Just turned 62 and also not a crook!

In just nine days I’ll only have nine years left to try to create my Pax Longa in time for the 250th.

I’ll be 64 in a month. And I am as honest as the hour is long.

So, like, 60%?

My how time flies!

The Watergate 7 Go On Trial

It’s January 10, 1973, and Judge John Sirica finds his courtroom to be absolutely packed as the trial of the five Watergate burglars and their two planning accomplices go on trial. And so on January 9th while Nixon was enjoying the reverie of his happy birthday and seemingly ascendant presidency there are a couple of things he was not aware of that probably would’ve put a real wet blanket on things.

First, he and his inner circle (and honestly most politicians across both parties in Washington) have, far, far underestimated the curiosity of Americans with regards to Watergate. Yes, no one paid a bit of attention to Watergate when they voted for President in November. But the public interest in the scandal feels like kind of a unique moment in US history.

It’s as if the country collectively decided to put a pin in the scandal. They didn’t want to vote for McGovern, and besides…it just seemed crazy that the higher-ups at the White House would be involved in this kind of stuff. Kind of a case where people really did want to accept the Occam’s Razor explanation: it was far more conceivable that the Watergate break-in was some rogue element of the fringe end of the campaign acting on their own without authorization. It just made no sense that Nixon or his campaign or the White House would get involved – everyone had known for over a year that Nixon was going to coast to victory in 1972.

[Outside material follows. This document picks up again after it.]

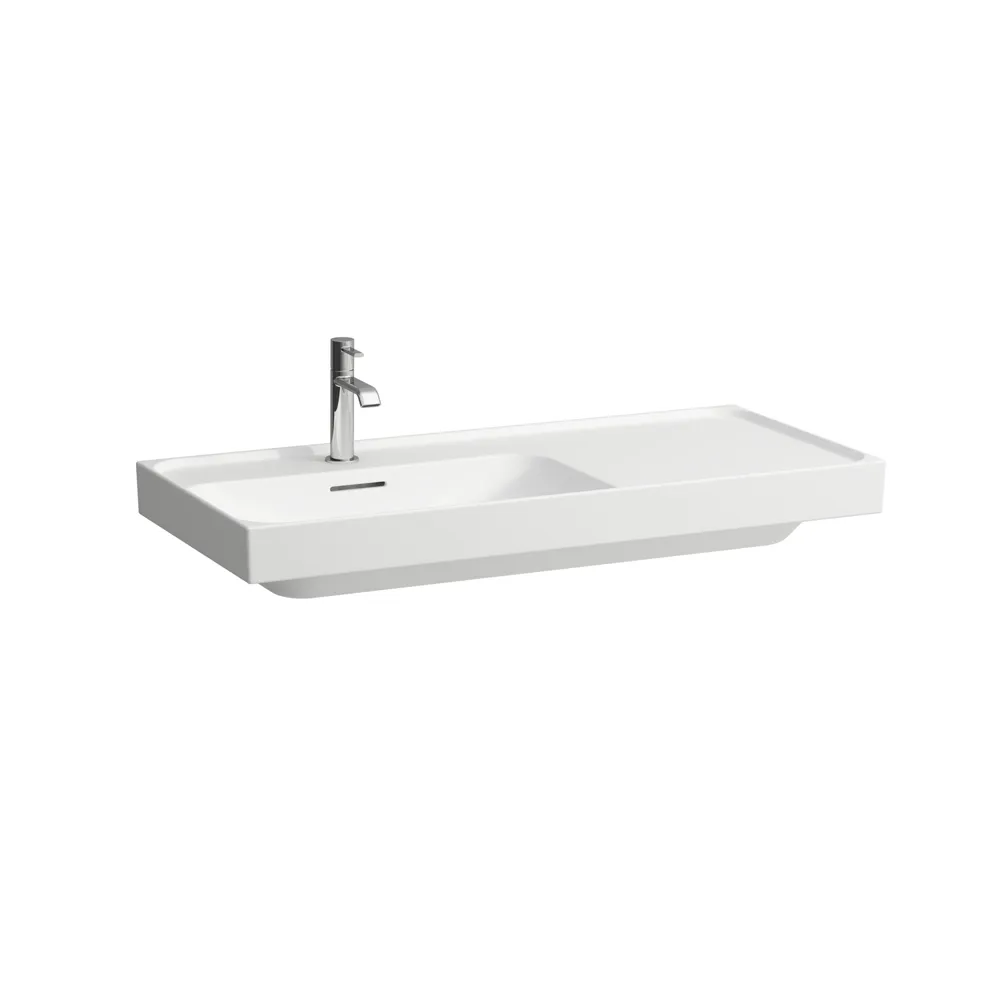 Waschtisch MEDA 460x1000x160 Ablage rechts 1 Hahnloch mit Überlauf Weiß Waschtisch MEDA 460x1000x160 Ablage rechts 1 Hahnloch mit Überlauf Weiß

But that didn’t mean there wasn’t any interest in the scandal. People absolutely wanted to know just what the heck was up with that break-in that didn’t make even a tiny bit of sense. They wanted it sorted out for them.

And news media was happy to step in and do that sorting out. The Washington Post investigatory reporting by Woodward and Bernstein had raised the profile of that once sleepy hometown paper. But they’d so dominated the reporting that other news media just sort of stood on the sidelines.

The trial offered what appeared to be at least a quick, last chance to jump back in. And so all three major news networks in the US – and PBS – were in. So too were the AP, UPI, the LA Times and Wall Street Journal, amongst a host of local newspapers across the land, as well as Time and Newsweek, the two major news weekly magazines. (It’s hard to overemphasize the reach of Time and Newsweek at the time; a huge percentage of homes in suburban American in the 1970s were subscribed to one or the other.)

And finally, the venerable and influential New York Times was back in on the story, and in a big way. The Times had assigned young, renowned reporter Seymour Hersh (who’d broken the My Lai massacre story) to the Watergate beat.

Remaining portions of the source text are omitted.